The pitfall to watch for: connection caching across environments. A connector that works in your dev environment will not auto-promote. You need to export the solution, import it into the next environment, and recreate the connection reference there. Skip that and your ALM pipeline will fail in ways that look like auth bugs but are really environment scoping. If your setup involves agents talking to external systems across multiple environments, the same scoping problems come up in Power Platform Agents Talking to GitHub Sounds Simple Until You Hit Enterprise Environment Sprawl.

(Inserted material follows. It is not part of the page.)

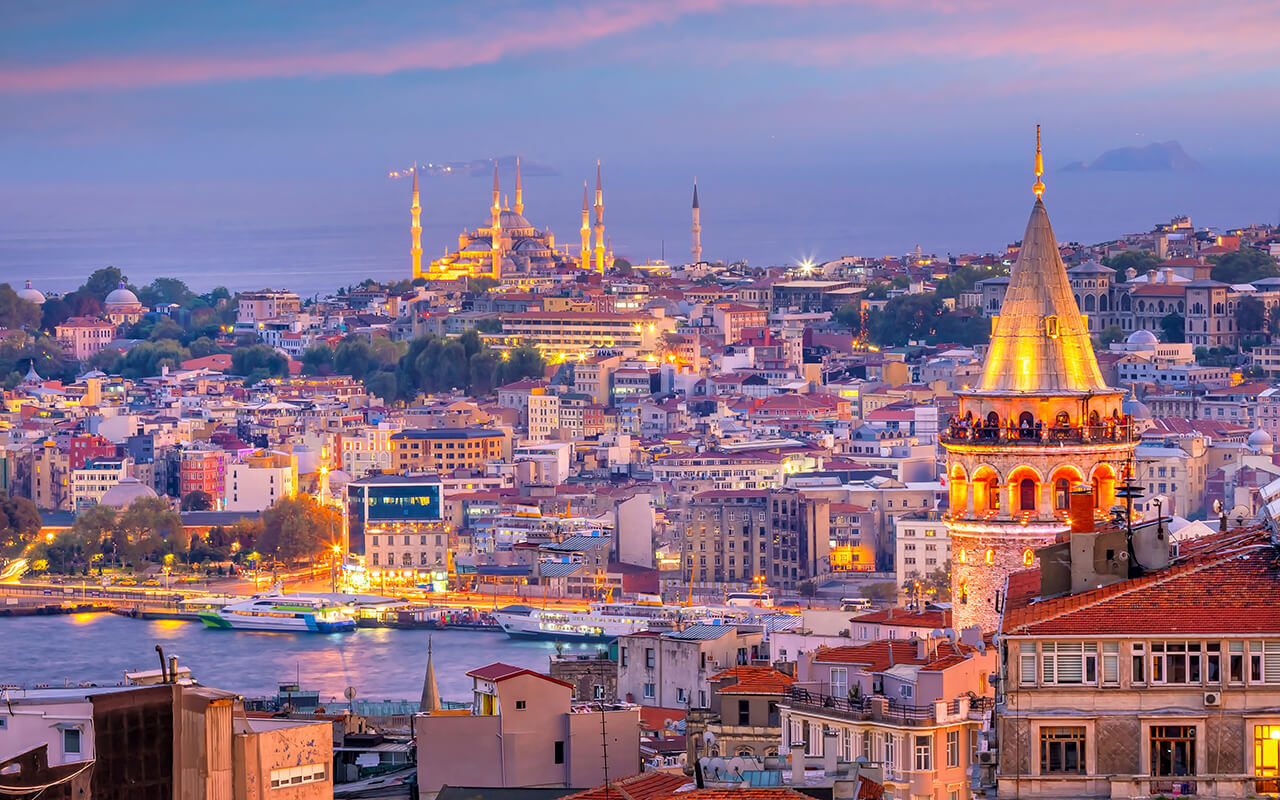 Sunset skyline of Istanbul featuring Galata Tower and historic buildings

Frequently Asked Questions
How do I create a custom connector in Copilot Studio?
To build a Copilot Studio custom connector, start by preparing an OpenAPI 2.0 (Swagger) file that defines your API endpoints, parameters, and response schemas. Then go to make.powerautomate.com, navigate to Data, Custom Connectors, and import your Swagger file. From there you configure authentication, define your operations, and connect the connector to your Copilot Studio agent as a tool.
What is the best authentication method for a custom connector in Power Platform?
OAuth 2.0 with Microsoft Entra ID is the recommended approach for enterprise APIs, as API key authentication does not support per-user identity. Authentication choices made at the connector level affect every maker and environment that uses it downstream, so it is worth getting right from the start.
Why does my Copilot Studio agent not understand the API response correctly?
If your API returns a vague or empty response body, the agent has nothing structured to reason about. Every response should include a defined schema with named properties so the agent can interpret the result and decide how to use it in the conversation.
When should I build a custom connector instead of using a built-in one?
You need a custom connector when your Copilot Studio agent needs to call an internal or proprietary REST API that is not covered by the existing built-in connectors. If your use case involves company-specific data or internal services, a custom connector is the right path.